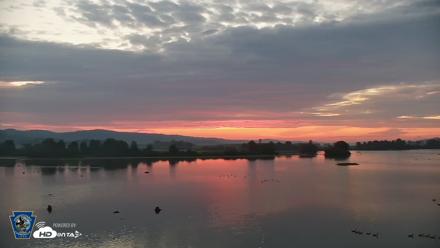 Pennsylvania Snow Geese Live Webcam - Aug 20, 2026, 6:15am EDT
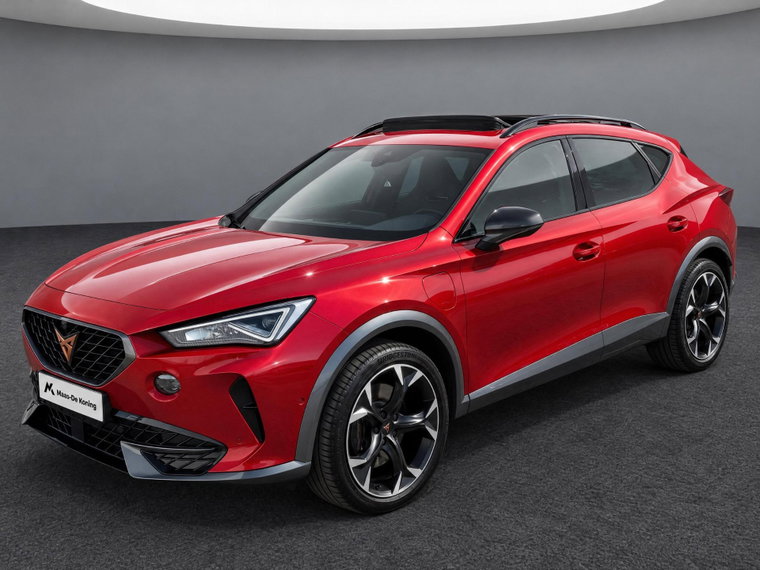 Foto van CUPRA Formentor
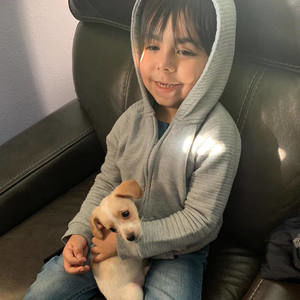 Meet your Posher, Daniel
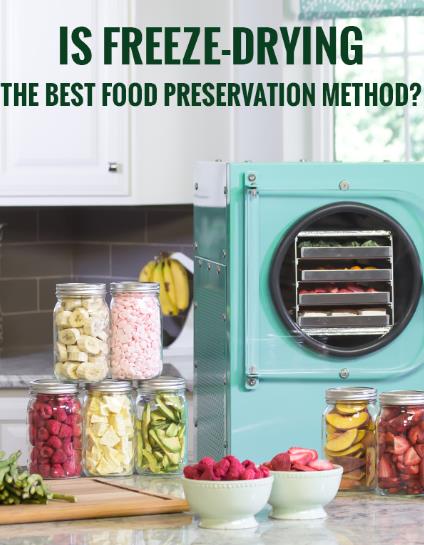 What Can You Do with A Freeze Dryer-_3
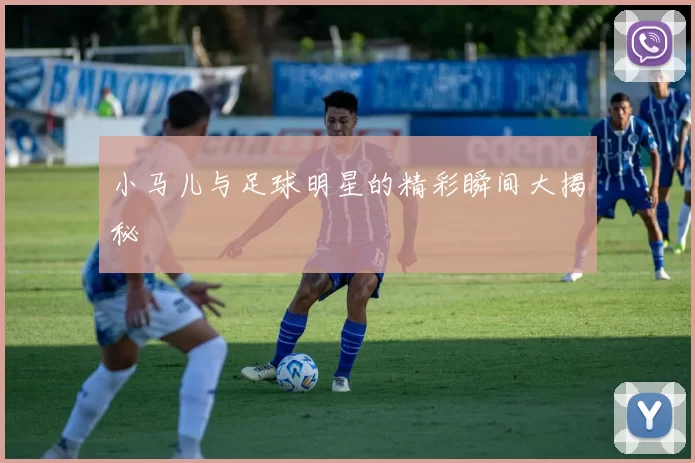 小马儿与足球明星的精彩瞬间大揭秘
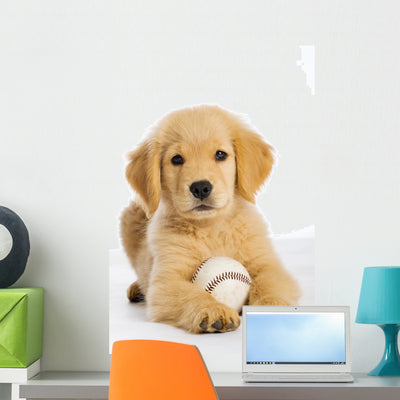 Golden Retriever Puppy with Wall Decal shown on a wall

****

** What you will do **
Transcribe exactly, and only, the lines from the one containing "Meet your Posher, Daniel" through the last line of the records above, both included; leave out the pictures.

** Your response **
 Meet your Posher, Daniel
 What Can You Do with A Freeze Dryer-_3
 小马儿与足球明星的精彩瞬间大揭秘
 Golden Retriever Puppy with Wall Decal shown on a wall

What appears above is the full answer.